Working at the hospital means that I am around people all day, every day. I'm constantly meeting new patients, families of patients, friends of patients, etc. Every once in a while, someone will stick out of the crowd and really just "get to me." It happened this week.
I spent the last couple weeks in Freetown and up country doing the medical clinic, so when I arrived back in the OB ward on Tuesday, I didn't know any of the patients. I started reading through some charts and saw that one of the patients blood pressure was really high. Like 260/140 high. The patient had eclampsia, and as we learned in nursing school, the treatment for eclampsia is delivering of the baby within 24 hours. I asked one of the nurses if the plan was to go ahead and section her, but she told me that she was only about 26-28 weeks. In the US, with all the advanced technology, babies at this age rarely make it. Here, where our resuscitation efforts include bagging and using oxygen if the generator happens to be on or until all our battery packs die....there's just no way baby would survive. Since we couldn't deliver, the plan was to try and keep her blood pressure down for as long as we could, ideally until at least 32 weeks.
The next day the doctor called me to the patients bedside while she was doing rounds. She couldn't find a fetal heartbeat with the doppler or the ultrasound and wanted someone else to check. I looked and looked, but didn't hear anything. Mom said that she had felt the baby move earlier that morning, but we weren't finding any heartbeat now. We told mom, and she started to cry. This was her first baby.
We decided to wait one more day, and readdress things in the morning. The next day I got to the hospital at 3pm for my evening shift. They had given her some medicine to help start her labor so she could deliver the baby (although it had been confirmed once again that it wasn't alive), but she wasn't progressing very fast. A couple hours later I started her on an oxytocin drip to help speed things along. This made her contractions start coming faster and stronger. It was so hard because the labor was so painful....just like when you're delivering a live baby, but we all already knew what the outcome would be. She kept repeating "I'm done, I can't do this. I can't do this. Jesus, please help me. Help me, help me." I tried to encourage her as much as I could. I prayed with her, told her to get in whatever position was most comfortable for her, held her hand. It was hard to watch.
About 8 hours after the initial medicine was given to start labor, the baby started crowning and she was pushing hard. The head came partially out, but then it was just stuck. Because Jesus loves me, the doctor just happened to be down in the OB ward, so he came in to help. Her pelvis was very small and he had to pull hard to get that baby out. When it was over, she just kept saying "thank you, thank you, thank you." Her family came in and one of them started crying. In her very soft way, the patient said, "Don't cry. You're supposed to be encouraging me...don't cry. It's ok." She was an absolute pillar of strength. I was blown away.

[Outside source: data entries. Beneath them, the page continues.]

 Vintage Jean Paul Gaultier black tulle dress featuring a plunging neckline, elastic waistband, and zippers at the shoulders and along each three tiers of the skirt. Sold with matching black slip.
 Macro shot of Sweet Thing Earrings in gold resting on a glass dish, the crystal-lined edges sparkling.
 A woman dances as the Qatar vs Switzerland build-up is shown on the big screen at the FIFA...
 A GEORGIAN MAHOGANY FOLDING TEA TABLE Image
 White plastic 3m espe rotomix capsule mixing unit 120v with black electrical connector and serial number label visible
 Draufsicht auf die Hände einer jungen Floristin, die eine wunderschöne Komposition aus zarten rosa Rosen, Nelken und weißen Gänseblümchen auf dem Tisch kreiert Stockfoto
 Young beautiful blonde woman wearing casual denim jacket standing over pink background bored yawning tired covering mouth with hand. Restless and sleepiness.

She asked if it was a boy or girl and I told her it was a little boy. I asked if she wanted to see him and she hesitated for a second and then said yes. I washed him off and covered up the signs of the difficult delivery and showed her to mom. She said he looked like his dad.
I've been a part of two deliveries now, in which we knew that the little baby wasn't alive. It's not fun for anyone. This woman, a young girl probably around 18 or 19 years old exemplified such calm acceptance and determination in such a hard situation....I want to be like her when I grow up.
One positive outcome was that we discovered that she does have a really small pelvis, so we told her that she really needs to make sure to come to the hospital for her next delivery, just in case she needs the help of a vacuum or a c-section. Hopefully now she'll come early and will give birth to a healthy baby boy....or girl.